I catch his wrists before he gets further. “Still not subtle,” I mutter, stepping back just as he lunges. He makes a sound like a wounded raccoon. “Sir!”
“Shoes, pup,” I call over my shoulder, already walking toward the front door.
Behind me, there’s a beat of silence, followed by a loud groan and a muttered, “You’re lucky I like you.”
“I’m lucky you can read,” I shoot back. “Shoes.”
“Fascist.”
“Flatterer.”
I hear him scrambling down the hall, muttering under his breath and cursing when he stubs a toe, and I smile—not because it’s funny, but because it’s familiar, because it’s him, because every frantic sound reminds me exactly where he belongs.

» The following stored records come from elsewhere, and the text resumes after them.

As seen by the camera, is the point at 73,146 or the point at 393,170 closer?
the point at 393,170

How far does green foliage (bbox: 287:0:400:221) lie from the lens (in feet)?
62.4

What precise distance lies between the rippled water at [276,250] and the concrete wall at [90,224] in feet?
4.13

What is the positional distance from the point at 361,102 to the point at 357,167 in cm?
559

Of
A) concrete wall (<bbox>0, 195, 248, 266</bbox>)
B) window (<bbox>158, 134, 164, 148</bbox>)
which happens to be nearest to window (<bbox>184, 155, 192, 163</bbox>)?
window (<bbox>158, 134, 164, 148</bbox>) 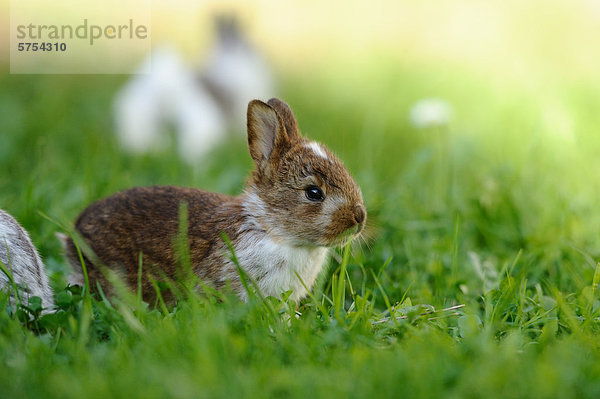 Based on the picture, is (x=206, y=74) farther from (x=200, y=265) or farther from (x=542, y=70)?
(x=200, y=265)

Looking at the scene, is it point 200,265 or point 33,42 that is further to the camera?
point 33,42

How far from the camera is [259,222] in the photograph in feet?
13.4

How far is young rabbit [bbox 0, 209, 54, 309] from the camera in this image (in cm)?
349

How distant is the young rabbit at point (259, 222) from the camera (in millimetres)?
3967

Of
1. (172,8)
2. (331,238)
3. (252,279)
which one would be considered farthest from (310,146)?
(172,8)

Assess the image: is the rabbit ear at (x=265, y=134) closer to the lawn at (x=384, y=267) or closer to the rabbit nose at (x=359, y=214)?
the rabbit nose at (x=359, y=214)

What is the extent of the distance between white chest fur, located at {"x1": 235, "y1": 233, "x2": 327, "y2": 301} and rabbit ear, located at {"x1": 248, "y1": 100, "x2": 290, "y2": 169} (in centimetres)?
47

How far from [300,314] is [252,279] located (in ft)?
1.03

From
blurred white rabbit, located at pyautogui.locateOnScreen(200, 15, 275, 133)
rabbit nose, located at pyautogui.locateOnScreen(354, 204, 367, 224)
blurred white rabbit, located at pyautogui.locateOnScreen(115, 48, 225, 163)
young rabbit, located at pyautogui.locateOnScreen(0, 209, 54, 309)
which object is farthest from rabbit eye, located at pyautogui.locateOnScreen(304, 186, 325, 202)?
blurred white rabbit, located at pyautogui.locateOnScreen(200, 15, 275, 133)

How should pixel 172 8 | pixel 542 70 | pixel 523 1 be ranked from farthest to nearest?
pixel 172 8 < pixel 523 1 < pixel 542 70

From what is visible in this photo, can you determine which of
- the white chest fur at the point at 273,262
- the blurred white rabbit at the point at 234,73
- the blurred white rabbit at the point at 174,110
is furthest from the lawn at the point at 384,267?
the blurred white rabbit at the point at 234,73

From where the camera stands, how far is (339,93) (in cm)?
1067

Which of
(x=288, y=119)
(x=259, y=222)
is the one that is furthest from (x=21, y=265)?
(x=288, y=119)

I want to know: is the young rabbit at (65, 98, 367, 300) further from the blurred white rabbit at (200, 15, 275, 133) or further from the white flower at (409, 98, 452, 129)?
the blurred white rabbit at (200, 15, 275, 133) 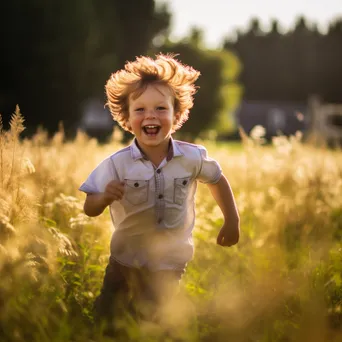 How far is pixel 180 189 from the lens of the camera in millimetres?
2756

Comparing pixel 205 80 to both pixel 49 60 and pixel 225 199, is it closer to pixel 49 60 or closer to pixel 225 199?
pixel 49 60

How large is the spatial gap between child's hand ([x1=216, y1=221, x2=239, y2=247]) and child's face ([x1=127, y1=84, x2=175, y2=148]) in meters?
0.60

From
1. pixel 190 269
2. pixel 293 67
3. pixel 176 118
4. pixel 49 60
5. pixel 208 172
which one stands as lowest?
pixel 190 269

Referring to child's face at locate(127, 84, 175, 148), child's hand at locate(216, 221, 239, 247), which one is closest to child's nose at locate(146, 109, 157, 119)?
child's face at locate(127, 84, 175, 148)

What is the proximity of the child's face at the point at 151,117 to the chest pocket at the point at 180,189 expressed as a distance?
0.24 meters

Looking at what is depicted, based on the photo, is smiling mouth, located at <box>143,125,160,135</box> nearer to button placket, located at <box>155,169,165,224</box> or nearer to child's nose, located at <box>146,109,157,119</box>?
child's nose, located at <box>146,109,157,119</box>

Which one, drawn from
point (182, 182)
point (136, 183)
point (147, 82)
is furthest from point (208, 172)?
point (147, 82)

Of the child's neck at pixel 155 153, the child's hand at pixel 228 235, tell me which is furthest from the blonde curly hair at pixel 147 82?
the child's hand at pixel 228 235

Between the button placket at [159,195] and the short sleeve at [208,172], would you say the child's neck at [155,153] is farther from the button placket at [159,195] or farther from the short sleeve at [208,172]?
the short sleeve at [208,172]

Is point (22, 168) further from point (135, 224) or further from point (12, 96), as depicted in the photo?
point (12, 96)

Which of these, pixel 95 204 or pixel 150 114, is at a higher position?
pixel 150 114

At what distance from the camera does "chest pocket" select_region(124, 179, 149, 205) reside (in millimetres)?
2693

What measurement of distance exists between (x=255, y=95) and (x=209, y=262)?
64.7m

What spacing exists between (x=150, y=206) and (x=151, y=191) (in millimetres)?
82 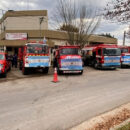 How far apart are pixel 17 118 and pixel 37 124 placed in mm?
789

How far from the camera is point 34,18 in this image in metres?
33.4

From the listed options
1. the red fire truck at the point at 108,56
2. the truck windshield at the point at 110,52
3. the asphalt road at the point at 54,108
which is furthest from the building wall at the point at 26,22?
the asphalt road at the point at 54,108

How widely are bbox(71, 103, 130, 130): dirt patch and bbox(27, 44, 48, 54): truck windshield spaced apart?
10.1 meters

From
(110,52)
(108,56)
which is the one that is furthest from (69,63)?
(110,52)

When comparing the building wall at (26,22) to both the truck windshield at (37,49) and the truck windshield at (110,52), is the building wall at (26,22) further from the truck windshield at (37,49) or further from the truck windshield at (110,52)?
the truck windshield at (37,49)

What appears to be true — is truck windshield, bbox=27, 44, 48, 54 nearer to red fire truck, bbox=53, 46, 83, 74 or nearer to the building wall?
red fire truck, bbox=53, 46, 83, 74

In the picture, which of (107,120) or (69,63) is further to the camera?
(69,63)

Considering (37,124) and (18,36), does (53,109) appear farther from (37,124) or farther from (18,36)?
(18,36)

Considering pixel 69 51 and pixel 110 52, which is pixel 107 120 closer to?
pixel 69 51

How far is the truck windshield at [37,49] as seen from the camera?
48.9ft

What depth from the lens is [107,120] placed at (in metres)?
5.18

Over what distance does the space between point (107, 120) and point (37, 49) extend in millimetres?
10893

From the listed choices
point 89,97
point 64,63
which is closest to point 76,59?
point 64,63

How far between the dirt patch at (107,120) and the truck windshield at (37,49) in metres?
10.1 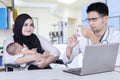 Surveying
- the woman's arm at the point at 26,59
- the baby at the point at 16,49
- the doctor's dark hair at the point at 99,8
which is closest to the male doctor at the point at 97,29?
the doctor's dark hair at the point at 99,8

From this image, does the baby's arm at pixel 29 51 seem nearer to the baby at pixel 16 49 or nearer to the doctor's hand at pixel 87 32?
the baby at pixel 16 49

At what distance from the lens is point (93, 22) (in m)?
2.07

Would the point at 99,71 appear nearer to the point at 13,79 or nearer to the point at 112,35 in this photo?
the point at 13,79

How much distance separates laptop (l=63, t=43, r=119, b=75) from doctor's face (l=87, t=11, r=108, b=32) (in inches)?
25.1

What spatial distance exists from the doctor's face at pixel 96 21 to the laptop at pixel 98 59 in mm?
637

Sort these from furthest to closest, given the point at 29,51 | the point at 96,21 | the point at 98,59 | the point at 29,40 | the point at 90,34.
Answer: the point at 29,40 → the point at 29,51 → the point at 96,21 → the point at 90,34 → the point at 98,59

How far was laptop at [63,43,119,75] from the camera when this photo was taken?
1320 millimetres

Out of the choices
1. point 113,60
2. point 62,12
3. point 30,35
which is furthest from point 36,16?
point 113,60

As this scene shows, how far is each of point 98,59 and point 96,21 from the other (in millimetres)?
786

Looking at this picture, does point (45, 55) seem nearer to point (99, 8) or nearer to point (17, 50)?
point (17, 50)

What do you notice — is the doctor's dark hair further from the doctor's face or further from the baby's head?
the baby's head

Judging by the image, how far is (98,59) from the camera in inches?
54.2

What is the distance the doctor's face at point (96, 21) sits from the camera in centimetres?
207

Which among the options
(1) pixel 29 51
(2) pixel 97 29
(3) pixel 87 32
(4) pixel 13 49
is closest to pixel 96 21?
(2) pixel 97 29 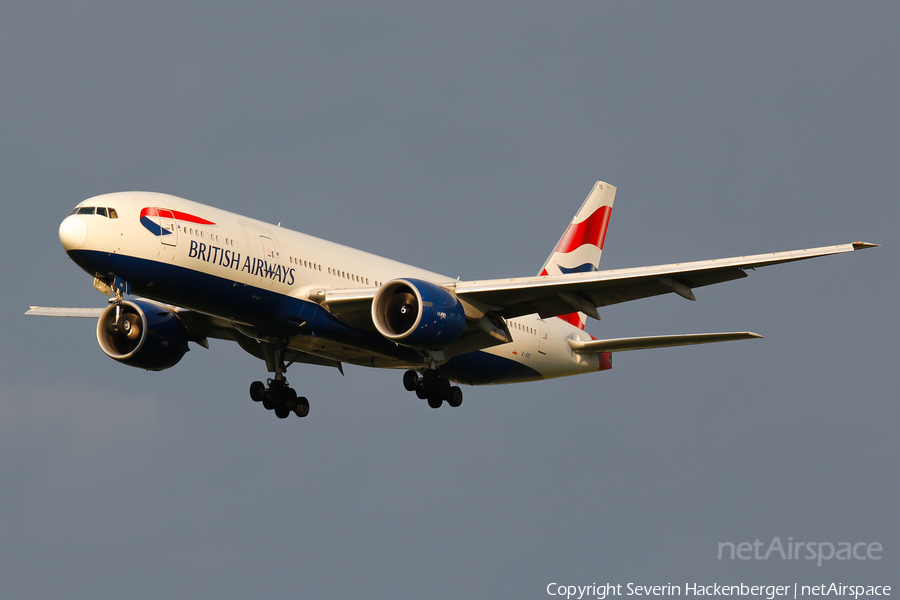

Elias eventually moves. He huffs, slinks to the coat rack, and grabs one of my old Reapers jackets. The one that’s too big even for me, faded black with our old logo on the back and the cuffs fraying. He throws it on like it’s couture, sleeves swallowing his hands, collar popped like a little shit.
I don’t say anything. He catches my look anyway. “What? It smells like you,” he shrugs, unapologetic.
My heart stutters. I open the door before he can wreck me further. The ride to the press conference is mostly quiet. Elias kicks his shoes off the second he folds into the passenger seat, pulls his feet up, and spends half the drive playing with the hem of the jacket sleeve like it’s some sort of comfort blanket. Hedoesn’t say much, just hums under his breath and watches the city blur past with that look he gets when the noise in his head finally shuts up.
By the time we pull into the arena lot, I already know what we’re walking into—chaos—and that we’re late, not horribly, but enough to earn side-eyes and a few chirps.
Cole whistles the moment we walk in. “Well, well, if it isn’t Daddy and the delinquent.”
Mats doesn’t even look up from his phone. Just snorts once and mutters, “Called it,”. Everyone thinks he’s just the flirty one, always smiling, always chill. But he watches everything. Reads people like scouting reports. And when he decides you’re worth protecting? God help whoever hurts you.
Shane’s midway through balancing his fifth Red Bull can into a lopsided pyramid, his eye twitching. “You two missed my glove blessing. That’s bad juju.”
Viktor just lifts a brow, deadpan as ever. “Late.”
“Fashionably,” Elias quips, flopping into the chair next to Cole and stretching like a cat.
I take the seat beside him. Let my thigh press against his. One grounding point.
The moment the mics go hot, the sharks smell blood. “Damian—four wins in a row, two on home ice, two away. What changed after the Wranglers series?”
“Elias,” I say without missing a beat. Elias jolts slightly beside me, clearly not expecting it. He blinks at me, wide-eyed, pink creeping up his neck.
I don’t elaborate.
Another reporter jumps in. “Mercer, you’ve been dominating faceoffs this entire series—what’s driving this level of performance from a rookie?”
Elias tilts his head, all fake innocence. “You mean besides a terrifying six-foot-five enforcer whispering threats in my ear every morning?”